In machine learning and data mining, data are often represented in numerical form, as a matrix or a tensor. In many cases, the data are onnegative. For example, in text mining, a collection of documents is converted to a term-document matrix whose (i,j) entry is the frequency of term i in document j. In face recognition, a face image in grayscale is represented as a nonnegative matrix, and a set of face images forms a 3-dimensional data tensor.

Low-rank approximation by principal component analysis (for a matrix) or tensor decomposition (for a tensor) is frequently used to filter out noise or capture important features. However, certain properties may be lost due to the introduction of negative values. It has been proven by numerical evidence that adding the nonnegative constraints helps detect the essential features of the data. The resulting technique is called nonnegative matrix factorization (NMF) for matrices or nonnegative tensor factorization (NTF) for tensors.
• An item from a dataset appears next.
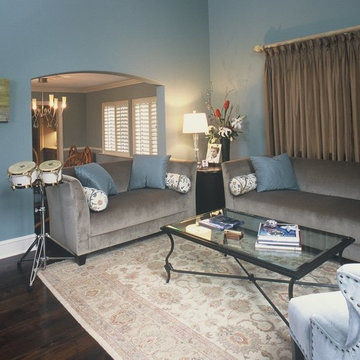 Traditional Living Room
The NMF and NTF computation can be formulated as a simple-bound nonconvex optimization problem, to minimize the matrix distance or divergence subject to the nonnegativity constraints. Various alternating algorithms have been proposed to solve it. We show that virtually all alternating algorithms for NMF can be adapted to compute NTF, and draw the relations between the algorithms in the literature. The initialization schemes and sparseness constraints for NMF and NTF will also be discussed.